The cornea is a complex tissue that must preserve its transparency to maintain optimal vision. However, in some circumstances, damage to the eye can result in neovascularization that impairs vision. This outcome can occur when herpes simplex virus type 1 (HSV-1) causes the immunoinflammatory lesion stromal keratitis (SK).
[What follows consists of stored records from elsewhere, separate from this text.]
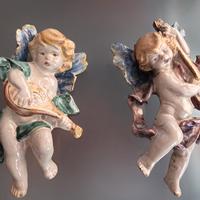 Angeli di Caltagirone da appendere 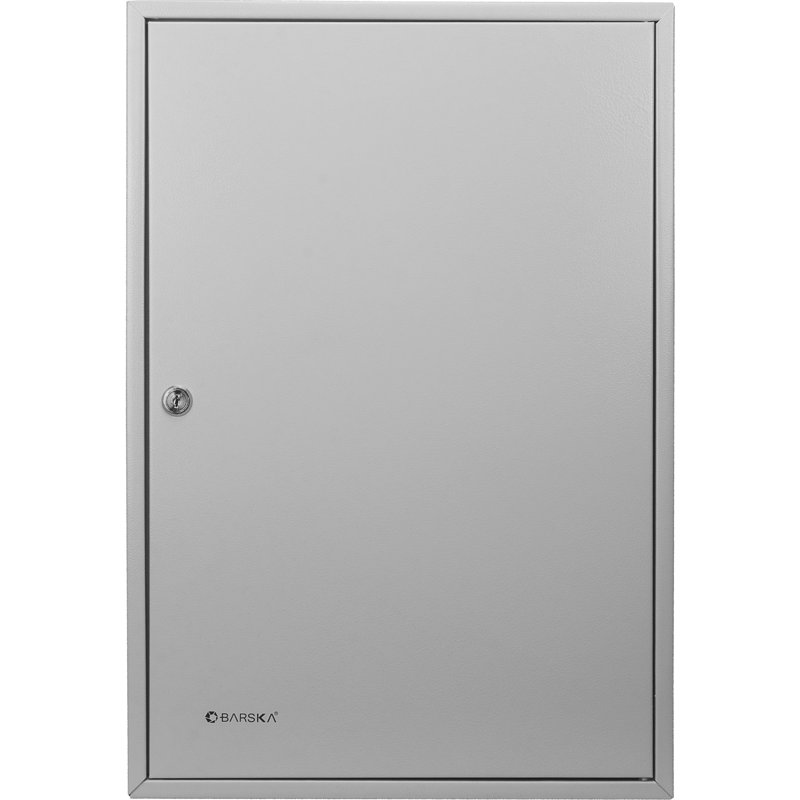Armoire 150 clés à clé réglable avec serrure à clé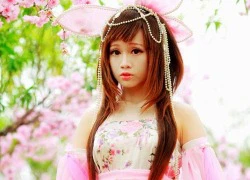 Chiêm ngưỡng bộ ảnh Cosplay tuyệt đẹp của game thủ Mộng Tiên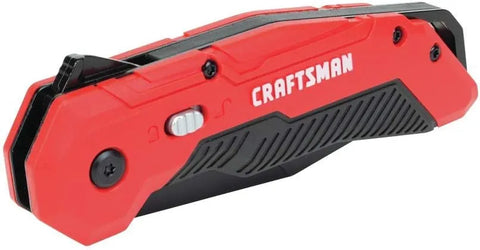 CRAFTSMAN Pocket Knife, Spring Assisted Opening (CMHT10934)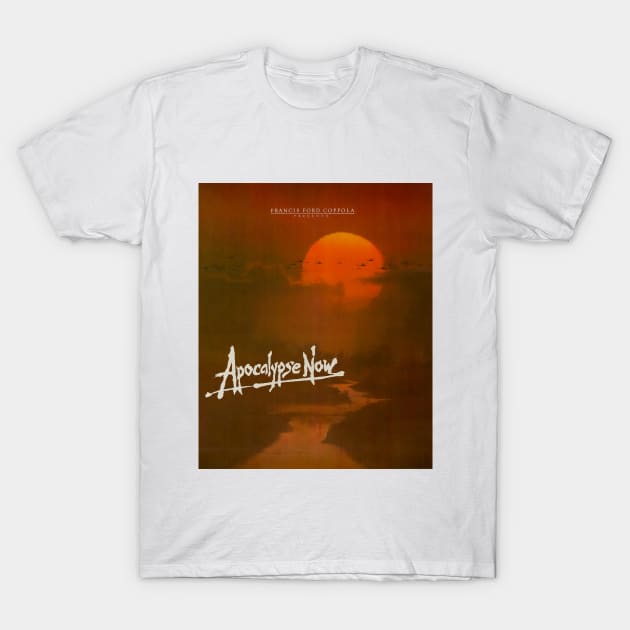 Apocalypse Now Poster T-Shirt by HipHopTees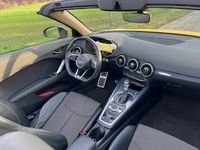 gebraucht Audi TT Roadster 1.8 TFSI S tronic -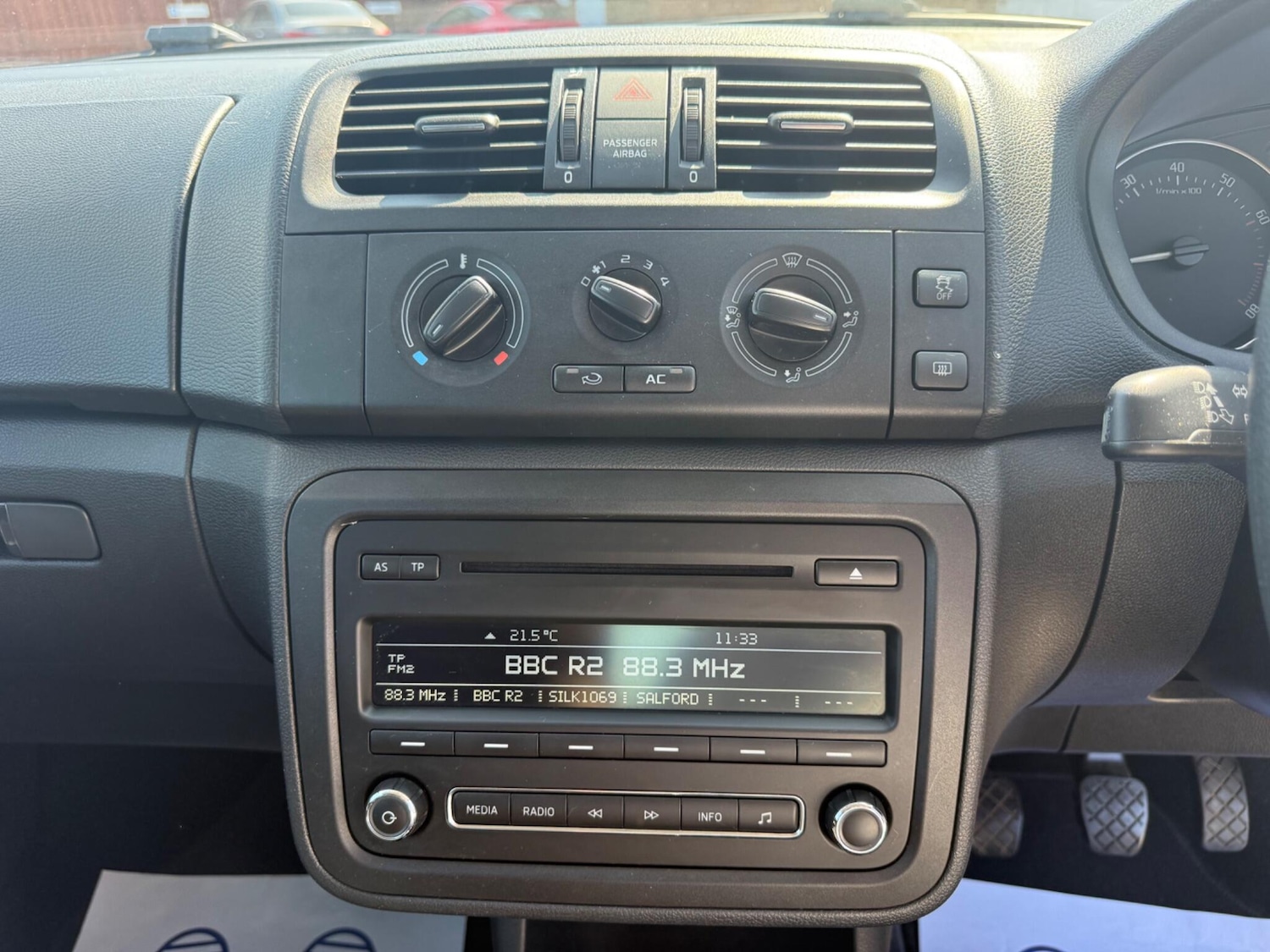 Vehicle 15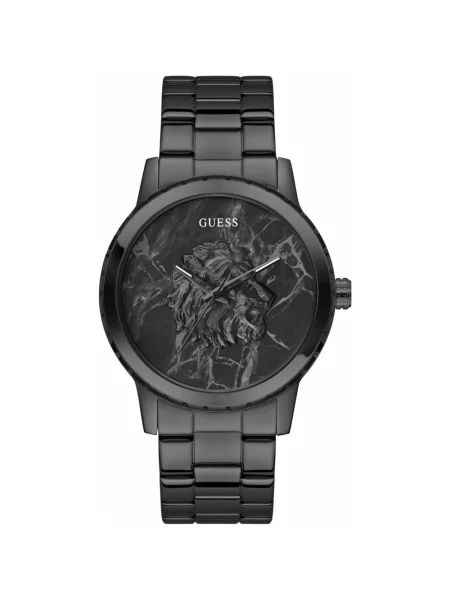 Zegarek Guess czarny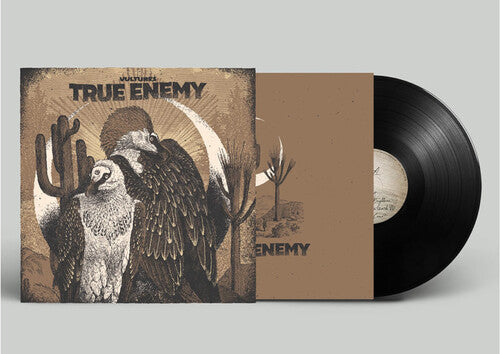 True Enemy - Vultures - Vinyl Record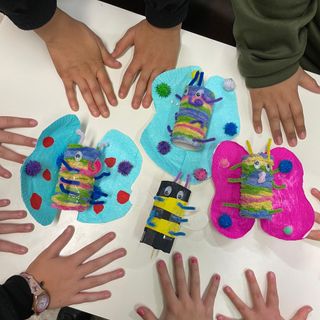 Le scuole al lavoro per il progetto ‘Bee Friends – Pollinator Garden’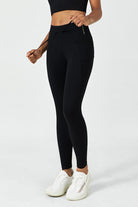 FlexEase™ High-Waist Legging - SALTUM SPORTS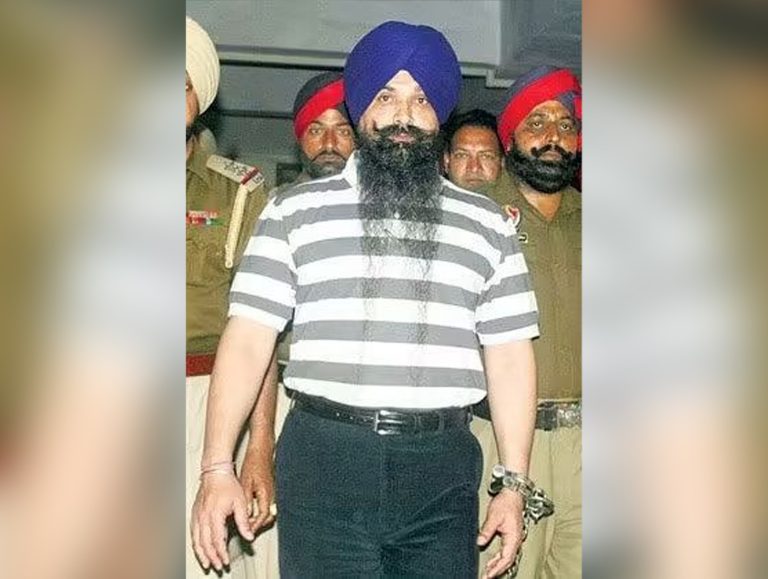Rajoana writes to PM Modi, seeks early decision on mercy plea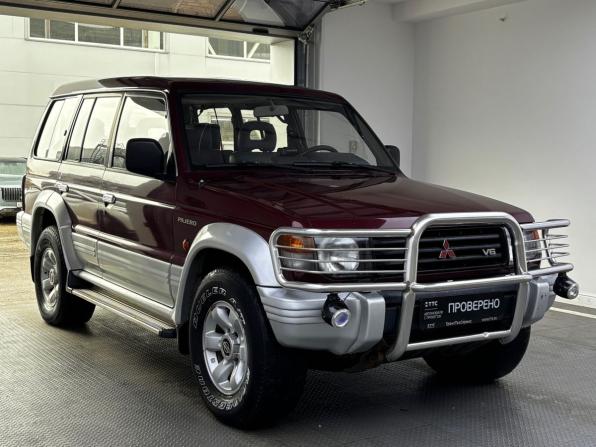 Mitsubishi Pajero II с пробегом 1993 года, цена 955 000 рублей, 180000 км, внедорожник, Автокод Объявления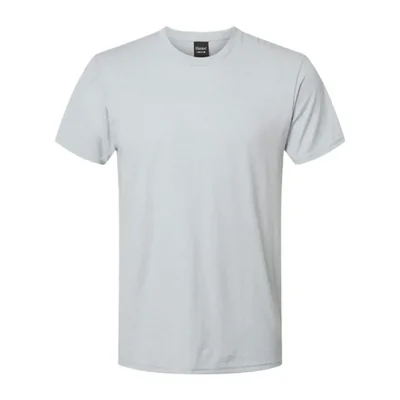 Remera Hanes Silverstone Heather 5XL Modern Fit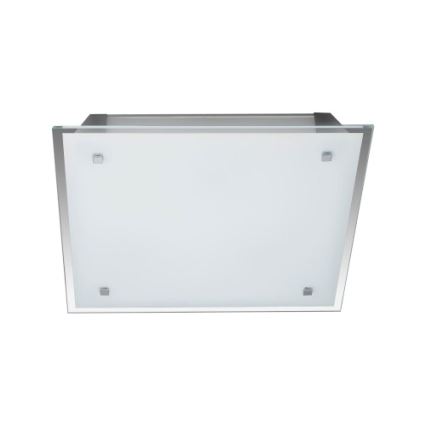 Prezent 45014 - Vervangend glas voor plafondlamp SQUER E27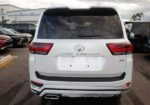 Toyota Land Cruiser Zx 3.5L Patrol V8 2022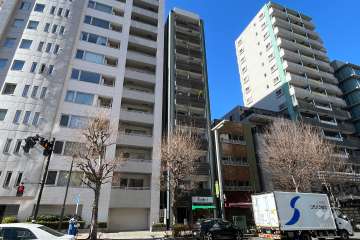 ダイヤモンド西新宿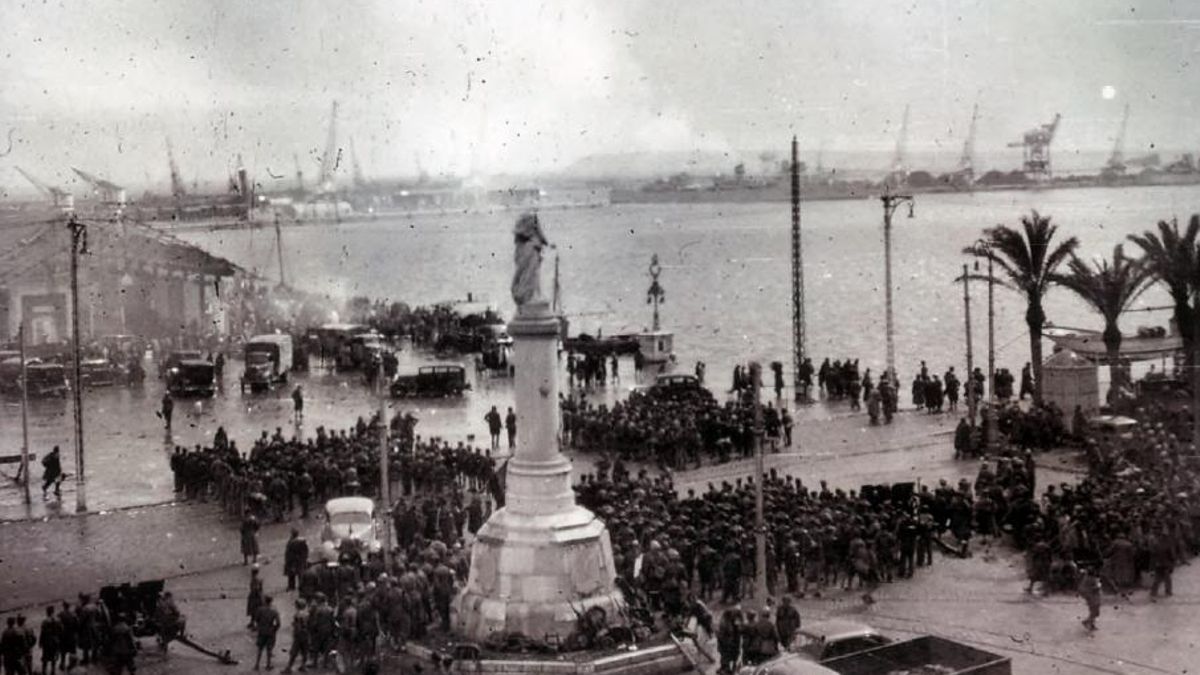 Amós, Sixto, Virgilio, Isabelo, Primitivo, Anastasio, Nilamón, Trinidad…, toledanos en el campo de Albatera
Potentially useful measures to control the severity of SK are to target angiogenesis which with herpetic SK invariably involves VEGF. One such way to control angiogenesis involves the endothelial receptor Robo4 (R4), which upon interaction with another protein activates an antiangiogenic pathway that counteracts VEGF downstream signaling. In this study we show that mice unable to produce R4 because of gene knockout developed significantly higher angiogenesis after HSV-1 ocular infection than did infected wild type (WT) controls. Moreover, providing additional soluble R4 (sR4) protein by subconjunctival administration to R4 KO HSV-1 infected mice substantially rescued the WT phenotype. Finally, administration of sR4 to WT HSV-1 infected mice diminished the extent of corneal angiogenesis compared to WT control animals. Our results indicate that sR4 could represent a useful therapeutic tool to counteract corneal angiogenesis and help control the severity of SK.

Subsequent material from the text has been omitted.